Durand (/dəˈrænd/ də-RAND) is a town in Pepin County, Wisconsin, United States. The population was 710 at the 2020 census. The City of Durand is located within the town.

==Geography==
According to the United States Census Bureau, the town has a total area of 19.1 square miles (49.4 km^{2}), of which 18.5 square miles (47.9 km^{2}) is land and 0.6 square mile (1.4 km^{2}) (2.89%) is water.

==Demographics==
As of the census of 2000, there were 694 people, 237 households, and 190 families residing in the town. The population density was 37.5 people per square mile (14.5/km^{2}). There were 245 housing units at an average density of 13.2 per square mile (5.1/km^{2}). The racial makeup of the town was 99.14% White, 0.58% Native American and 0.29% Asian. 0.00% of the population were Hispanic or Latino of any race.

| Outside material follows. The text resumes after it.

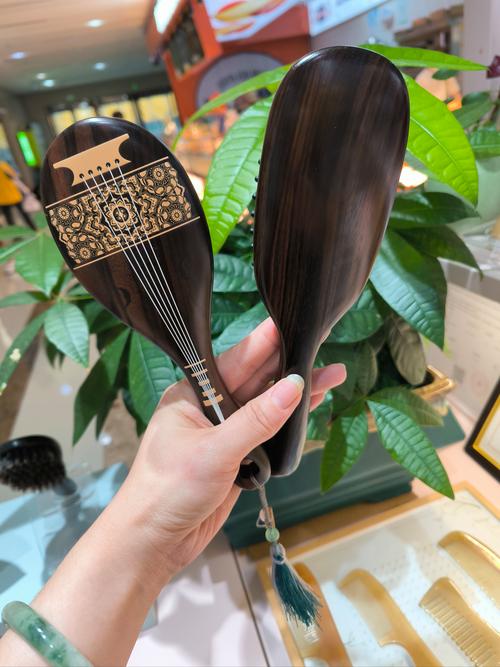 黑檀木梳子用什么材料-第2张图片-索能光电网 黑檀木梳子用什么材料-第2张图片-索能光电网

There were 237 households, out of which 46.4% had children under the age of 18 living with them, 70.0% were married couples living together, 6.3% had a female householder with no husband present, and 19.8% were non-families. 18.1% of all households were made up of individuals, and 9.3% had someone living alone who was 65 years of age or older. The average household size was 2.93 and the average family size was 3.33.

In the town, the population was spread out, with 32.1% under the age of 18, 7.8% from 18 to 24, 29.8% from 25 to 44, 20.7% from 45 to 64, and 9.5% who were 65 years of age or older. The median age was 34 years. For every 100 females, there were 94.9 males. For every 100 females age 18 and over, there were 95.4 males.

The median income for a household in the town was $49,375, and the median income for a family was $53,636. Males had a median income of $32,135 versus $22,237 for females. The per capita income for the town was $18,878. About 3.7% of families and 4.8% of the population were below the poverty line, including 7.6% of those under age 18 and 4.0% of those age 65 or over.